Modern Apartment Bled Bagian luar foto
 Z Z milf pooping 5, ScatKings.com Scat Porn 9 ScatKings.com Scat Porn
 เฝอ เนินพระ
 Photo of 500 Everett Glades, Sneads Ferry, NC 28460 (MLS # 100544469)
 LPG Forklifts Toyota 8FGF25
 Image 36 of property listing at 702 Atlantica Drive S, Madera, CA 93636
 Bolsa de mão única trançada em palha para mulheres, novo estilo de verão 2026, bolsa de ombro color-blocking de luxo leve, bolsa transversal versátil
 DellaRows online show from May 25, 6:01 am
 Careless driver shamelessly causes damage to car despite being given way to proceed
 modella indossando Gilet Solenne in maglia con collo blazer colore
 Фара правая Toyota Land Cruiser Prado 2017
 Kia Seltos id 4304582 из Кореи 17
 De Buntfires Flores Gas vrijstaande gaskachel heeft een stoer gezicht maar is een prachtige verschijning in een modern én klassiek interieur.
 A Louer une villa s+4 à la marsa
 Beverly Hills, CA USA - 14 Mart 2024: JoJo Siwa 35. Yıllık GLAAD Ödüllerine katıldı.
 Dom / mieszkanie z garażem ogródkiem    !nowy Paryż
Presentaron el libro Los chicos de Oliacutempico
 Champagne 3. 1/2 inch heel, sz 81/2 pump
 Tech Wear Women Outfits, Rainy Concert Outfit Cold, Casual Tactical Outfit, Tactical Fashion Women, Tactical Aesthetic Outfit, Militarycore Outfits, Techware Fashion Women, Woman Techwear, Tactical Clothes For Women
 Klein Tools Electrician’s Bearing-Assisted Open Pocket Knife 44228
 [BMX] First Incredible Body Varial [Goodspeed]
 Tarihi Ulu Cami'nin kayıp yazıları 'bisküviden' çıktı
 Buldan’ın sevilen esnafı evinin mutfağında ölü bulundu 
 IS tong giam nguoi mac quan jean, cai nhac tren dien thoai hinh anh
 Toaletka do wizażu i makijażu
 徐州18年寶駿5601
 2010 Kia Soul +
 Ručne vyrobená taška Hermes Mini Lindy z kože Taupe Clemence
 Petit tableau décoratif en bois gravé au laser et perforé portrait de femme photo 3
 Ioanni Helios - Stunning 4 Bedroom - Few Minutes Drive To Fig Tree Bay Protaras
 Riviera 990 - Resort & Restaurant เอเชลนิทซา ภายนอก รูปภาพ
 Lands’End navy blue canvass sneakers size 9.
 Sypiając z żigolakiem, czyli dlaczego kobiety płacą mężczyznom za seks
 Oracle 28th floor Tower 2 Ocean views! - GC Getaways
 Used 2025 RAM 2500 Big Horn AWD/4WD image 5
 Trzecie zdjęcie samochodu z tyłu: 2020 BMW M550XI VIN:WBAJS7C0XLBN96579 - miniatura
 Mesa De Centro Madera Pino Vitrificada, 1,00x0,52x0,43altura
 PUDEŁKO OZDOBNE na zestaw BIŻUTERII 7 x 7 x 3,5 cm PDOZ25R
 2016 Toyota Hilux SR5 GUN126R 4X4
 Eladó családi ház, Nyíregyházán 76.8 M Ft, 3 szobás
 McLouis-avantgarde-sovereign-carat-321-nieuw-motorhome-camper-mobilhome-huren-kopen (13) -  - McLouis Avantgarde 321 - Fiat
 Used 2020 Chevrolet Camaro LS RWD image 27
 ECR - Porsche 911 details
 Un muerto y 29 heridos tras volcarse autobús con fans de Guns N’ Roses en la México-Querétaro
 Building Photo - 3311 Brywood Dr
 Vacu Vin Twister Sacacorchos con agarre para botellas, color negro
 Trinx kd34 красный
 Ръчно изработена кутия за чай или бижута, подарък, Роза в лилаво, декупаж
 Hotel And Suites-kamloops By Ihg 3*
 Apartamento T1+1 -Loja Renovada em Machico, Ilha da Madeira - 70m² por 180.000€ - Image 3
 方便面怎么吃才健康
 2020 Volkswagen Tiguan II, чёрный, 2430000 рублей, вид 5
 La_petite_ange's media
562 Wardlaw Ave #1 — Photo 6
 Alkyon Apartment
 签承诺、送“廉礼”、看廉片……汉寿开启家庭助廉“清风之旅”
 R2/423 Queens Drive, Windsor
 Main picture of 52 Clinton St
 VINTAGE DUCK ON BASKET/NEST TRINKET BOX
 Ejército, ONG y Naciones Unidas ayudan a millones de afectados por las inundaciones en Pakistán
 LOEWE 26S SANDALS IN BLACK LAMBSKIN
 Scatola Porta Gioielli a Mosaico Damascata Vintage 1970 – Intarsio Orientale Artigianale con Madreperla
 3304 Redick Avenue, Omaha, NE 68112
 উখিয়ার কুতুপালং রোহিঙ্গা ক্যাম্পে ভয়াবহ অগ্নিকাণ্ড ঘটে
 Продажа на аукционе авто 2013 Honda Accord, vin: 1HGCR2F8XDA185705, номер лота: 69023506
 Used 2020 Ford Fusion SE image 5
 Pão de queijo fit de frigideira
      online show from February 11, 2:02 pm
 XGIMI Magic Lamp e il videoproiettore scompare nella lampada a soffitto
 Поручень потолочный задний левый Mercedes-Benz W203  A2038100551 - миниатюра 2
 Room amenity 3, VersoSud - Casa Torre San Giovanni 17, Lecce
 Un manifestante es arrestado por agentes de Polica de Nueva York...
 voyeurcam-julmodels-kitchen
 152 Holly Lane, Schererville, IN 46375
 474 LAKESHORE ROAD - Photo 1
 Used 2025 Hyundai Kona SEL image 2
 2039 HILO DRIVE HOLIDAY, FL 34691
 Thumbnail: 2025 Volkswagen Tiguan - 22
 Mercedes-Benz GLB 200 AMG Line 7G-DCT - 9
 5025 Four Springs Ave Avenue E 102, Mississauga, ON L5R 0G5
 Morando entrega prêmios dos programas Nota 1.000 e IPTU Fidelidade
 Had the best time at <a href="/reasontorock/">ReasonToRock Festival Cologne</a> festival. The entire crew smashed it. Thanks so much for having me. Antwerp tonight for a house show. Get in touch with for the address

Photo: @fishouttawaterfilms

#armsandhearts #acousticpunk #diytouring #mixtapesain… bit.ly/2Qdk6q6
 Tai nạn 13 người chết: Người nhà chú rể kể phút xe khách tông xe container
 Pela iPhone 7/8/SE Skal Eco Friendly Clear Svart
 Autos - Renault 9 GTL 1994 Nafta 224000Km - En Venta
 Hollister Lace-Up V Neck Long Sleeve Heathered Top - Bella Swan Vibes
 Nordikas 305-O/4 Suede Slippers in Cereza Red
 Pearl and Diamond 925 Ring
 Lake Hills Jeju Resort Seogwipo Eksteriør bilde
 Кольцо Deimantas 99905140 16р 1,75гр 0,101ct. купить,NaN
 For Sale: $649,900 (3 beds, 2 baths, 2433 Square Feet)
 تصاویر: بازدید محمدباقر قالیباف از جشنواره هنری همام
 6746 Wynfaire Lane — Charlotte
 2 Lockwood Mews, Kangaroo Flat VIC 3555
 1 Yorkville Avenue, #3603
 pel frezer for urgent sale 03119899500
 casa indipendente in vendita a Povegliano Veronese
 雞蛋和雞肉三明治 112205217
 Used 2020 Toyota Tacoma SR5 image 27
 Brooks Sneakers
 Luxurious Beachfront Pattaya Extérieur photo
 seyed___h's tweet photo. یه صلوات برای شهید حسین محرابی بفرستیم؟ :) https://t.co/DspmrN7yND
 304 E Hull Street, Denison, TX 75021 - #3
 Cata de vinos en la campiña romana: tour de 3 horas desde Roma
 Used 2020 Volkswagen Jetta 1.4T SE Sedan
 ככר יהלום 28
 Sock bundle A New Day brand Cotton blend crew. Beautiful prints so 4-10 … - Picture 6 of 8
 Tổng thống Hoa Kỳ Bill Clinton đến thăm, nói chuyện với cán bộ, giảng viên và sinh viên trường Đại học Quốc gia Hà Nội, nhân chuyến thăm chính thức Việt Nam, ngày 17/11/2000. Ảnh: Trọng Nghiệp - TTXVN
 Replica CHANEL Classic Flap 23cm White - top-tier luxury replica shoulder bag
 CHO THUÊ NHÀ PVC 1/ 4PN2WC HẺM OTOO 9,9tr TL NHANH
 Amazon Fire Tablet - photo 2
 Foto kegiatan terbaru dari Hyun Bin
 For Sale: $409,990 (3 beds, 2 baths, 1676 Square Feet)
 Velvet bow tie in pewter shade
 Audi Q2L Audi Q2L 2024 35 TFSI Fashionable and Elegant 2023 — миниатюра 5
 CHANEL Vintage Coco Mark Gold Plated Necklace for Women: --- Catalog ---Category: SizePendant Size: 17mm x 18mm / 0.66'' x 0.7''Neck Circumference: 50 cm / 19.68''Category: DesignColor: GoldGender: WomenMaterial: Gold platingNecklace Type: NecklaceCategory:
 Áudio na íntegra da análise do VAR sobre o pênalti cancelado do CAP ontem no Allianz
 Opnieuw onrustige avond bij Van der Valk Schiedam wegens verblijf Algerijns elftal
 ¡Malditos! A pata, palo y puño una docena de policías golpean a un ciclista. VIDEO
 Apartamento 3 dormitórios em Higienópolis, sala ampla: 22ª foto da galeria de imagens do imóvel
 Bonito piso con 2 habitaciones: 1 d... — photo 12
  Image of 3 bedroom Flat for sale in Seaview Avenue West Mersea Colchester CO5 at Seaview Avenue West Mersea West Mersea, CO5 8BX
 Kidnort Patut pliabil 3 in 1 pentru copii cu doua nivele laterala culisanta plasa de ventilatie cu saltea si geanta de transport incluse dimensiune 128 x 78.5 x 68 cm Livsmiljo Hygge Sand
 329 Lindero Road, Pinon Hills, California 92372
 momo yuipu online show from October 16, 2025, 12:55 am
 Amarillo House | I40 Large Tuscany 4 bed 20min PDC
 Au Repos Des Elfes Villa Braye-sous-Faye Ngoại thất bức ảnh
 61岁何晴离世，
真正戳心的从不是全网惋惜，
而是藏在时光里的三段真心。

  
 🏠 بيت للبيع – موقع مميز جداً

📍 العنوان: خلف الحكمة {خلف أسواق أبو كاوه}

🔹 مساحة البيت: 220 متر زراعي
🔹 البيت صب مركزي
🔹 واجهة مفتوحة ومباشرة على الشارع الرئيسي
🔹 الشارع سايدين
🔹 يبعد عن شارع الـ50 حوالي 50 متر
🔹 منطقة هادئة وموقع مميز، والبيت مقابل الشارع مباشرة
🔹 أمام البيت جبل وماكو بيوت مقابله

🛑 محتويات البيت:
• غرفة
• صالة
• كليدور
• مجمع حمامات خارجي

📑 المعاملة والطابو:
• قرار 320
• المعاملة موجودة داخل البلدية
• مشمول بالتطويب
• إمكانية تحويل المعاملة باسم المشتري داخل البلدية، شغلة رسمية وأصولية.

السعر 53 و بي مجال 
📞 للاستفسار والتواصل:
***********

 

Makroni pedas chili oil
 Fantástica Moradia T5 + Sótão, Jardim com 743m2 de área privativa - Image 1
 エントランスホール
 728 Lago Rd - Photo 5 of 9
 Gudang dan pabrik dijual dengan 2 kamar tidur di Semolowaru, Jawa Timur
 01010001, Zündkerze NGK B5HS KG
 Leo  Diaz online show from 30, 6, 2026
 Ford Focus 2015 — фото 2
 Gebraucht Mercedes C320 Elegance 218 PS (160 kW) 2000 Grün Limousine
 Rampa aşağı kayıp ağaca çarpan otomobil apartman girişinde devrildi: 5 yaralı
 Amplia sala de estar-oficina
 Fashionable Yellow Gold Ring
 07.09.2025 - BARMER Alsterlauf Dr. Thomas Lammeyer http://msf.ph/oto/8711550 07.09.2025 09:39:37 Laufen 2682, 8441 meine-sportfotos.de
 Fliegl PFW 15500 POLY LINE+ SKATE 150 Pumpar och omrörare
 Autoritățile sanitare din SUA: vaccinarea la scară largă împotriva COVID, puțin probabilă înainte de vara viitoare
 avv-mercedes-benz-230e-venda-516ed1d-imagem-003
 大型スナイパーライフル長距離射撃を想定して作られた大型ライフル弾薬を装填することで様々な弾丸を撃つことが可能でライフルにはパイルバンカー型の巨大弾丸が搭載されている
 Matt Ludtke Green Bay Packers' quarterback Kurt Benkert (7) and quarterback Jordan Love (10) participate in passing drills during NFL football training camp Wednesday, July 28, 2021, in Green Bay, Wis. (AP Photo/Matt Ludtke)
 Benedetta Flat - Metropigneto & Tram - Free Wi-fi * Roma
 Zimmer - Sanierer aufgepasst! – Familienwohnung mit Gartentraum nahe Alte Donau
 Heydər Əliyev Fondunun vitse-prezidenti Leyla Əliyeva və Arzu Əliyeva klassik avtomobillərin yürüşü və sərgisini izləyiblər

● **TASK DESCRIPTION**
Only the lines above starting at the one containing "Buldan’ın sevilen esnafı" and ending at the one containing "উখিয়ার কুতুপালং রোহিঙ্গা", both included, are to be returned, exactly as they read.

● **RESULT FOR THIS TASK**
 Buldan’ın sevilen esnafı evinin mutfağında ölü bulundu 
 IS tong giam nguoi mac quan jean, cai nhac tren dien thoai hinh anh
 Toaletka do wizażu i makijażu
 徐州18年寶駿5601
 2010 Kia Soul +
 Ručne vyrobená taška Hermes Mini Lindy z kože Taupe Clemence
 Petit tableau décoratif en bois gravé au laser et perforé portrait de femme photo 3
 Ioanni Helios - Stunning 4 Bedroom - Few Minutes Drive To Fig Tree Bay Protaras
 Riviera 990 - Resort & Restaurant เอเชลนิทซา ภายนอก รูปภาพ
 Lands’End navy blue canvass sneakers size 9.
 Sypiając z żigolakiem, czyli dlaczego kobiety płacą mężczyznom za seks
 Oracle 28th floor Tower 2 Ocean views! - GC Getaways
 Used 2025 RAM 2500 Big Horn AWD/4WD image 5
 Trzecie zdjęcie samochodu z tyłu: 2020 BMW M550XI VIN:WBAJS7C0XLBN96579 - miniatura
 Mesa De Centro Madera Pino Vitrificada, 1,00x0,52x0,43altura
 PUDEŁKO OZDOBNE na zestaw BIŻUTERII 7 x 7 x 3,5 cm PDOZ25R
 2016 Toyota Hilux SR5 GUN126R 4X4
 Eladó családi ház, Nyíregyházán 76.8 M Ft, 3 szobás
 McLouis-avantgarde-sovereign-carat-321-nieuw-motorhome-camper-mobilhome-huren-kopen (13) -  - McLouis Avantgarde 321 - Fiat
 Used 2020 Chevrolet Camaro LS RWD image 27
 ECR - Porsche 911 details
 Un muerto y 29 heridos tras volcarse autobús con fans de Guns N’ Roses en la México-Querétaro
 Building Photo - 3311 Brywood Dr
 Vacu Vin Twister Sacacorchos con agarre para botellas, color negro
 Trinx kd34 красный
 Ръчно изработена кутия за чай или бижута, подарък, Роза в лилаво, декупаж
 Hotel And Suites-kamloops By Ihg 3*
 Apartamento T1+1 -Loja Renovada em Machico, Ilha da Madeira - 70m² por 180.000€ - Image 3
 方便面怎么吃才健康
 2020 Volkswagen Tiguan II, чёрный, 2430000 рублей, вид 5
 La_petite_ange's media
562 Wardlaw Ave #1 — Photo 6
 Alkyon Apartment
 签承诺、送“廉礼”、看廉片……汉寿开启家庭助廉“清风之旅”
 R2/423 Queens Drive, Windsor
 Main picture of 52 Clinton St
 VINTAGE DUCK ON BASKET/NEST TRINKET BOX
 Ejército, ONG y Naciones Unidas ayudan a millones de afectados por las inundaciones en Pakistán
 LOEWE 26S SANDALS IN BLACK LAMBSKIN
 Scatola Porta Gioielli a Mosaico Damascata Vintage 1970 – Intarsio Orientale Artigianale con Madreperla
 3304 Redick Avenue, Omaha, NE 68112
 উখিয়ার কুতুপালং রোহিঙ্গা ক্যাম্পে ভয়াবহ অগ্নিকাণ্ড ঘটে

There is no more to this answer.